(Records to use begins)
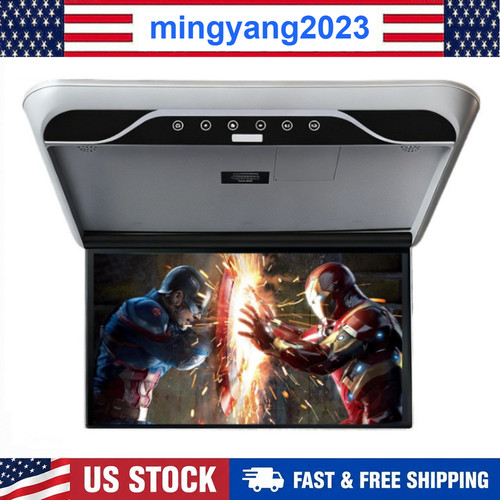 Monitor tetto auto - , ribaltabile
(Records to use ends)
(Records to use begins)
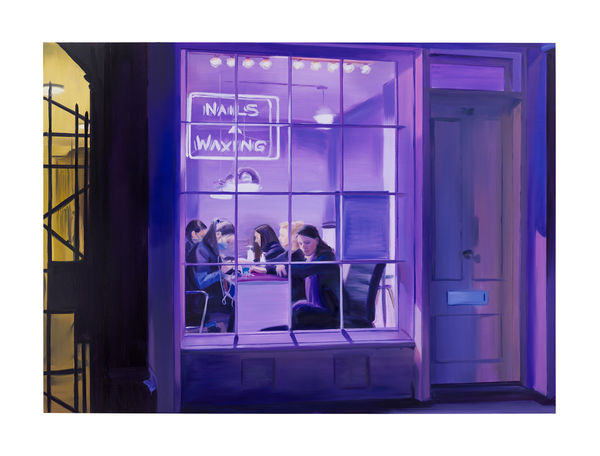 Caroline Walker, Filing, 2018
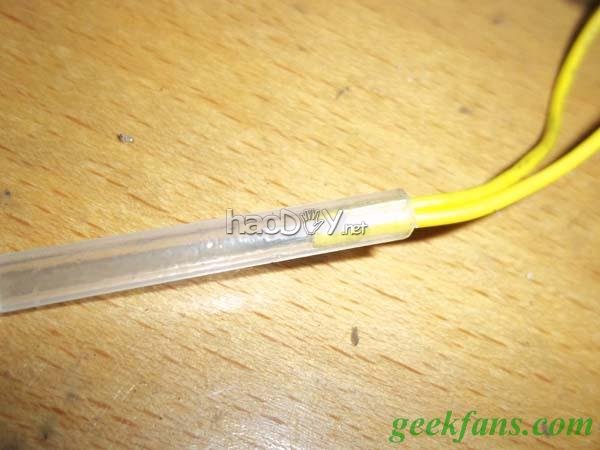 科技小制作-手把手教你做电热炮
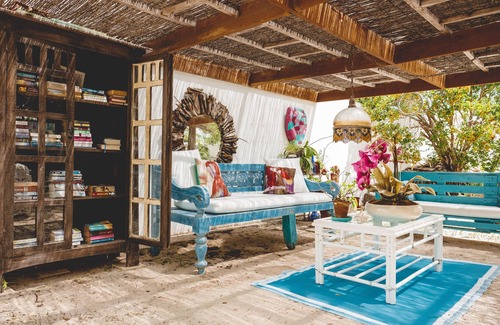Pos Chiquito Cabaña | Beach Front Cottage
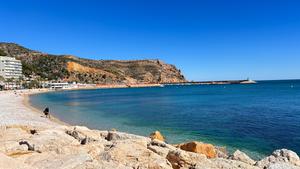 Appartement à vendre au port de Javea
(Records to use ends)
In the data above, find the line containing "科技小制作-手把手教你做电热炮" and the line containing "Appartement à vendre au port de Javea". Repeat those two lines and everything between them exactly, minus the pictures.

 科技小制作-手把手教你做电热炮
Pos Chiquito Cabaña | Beach Front Cottage
 Appartement à vendre au port de Javea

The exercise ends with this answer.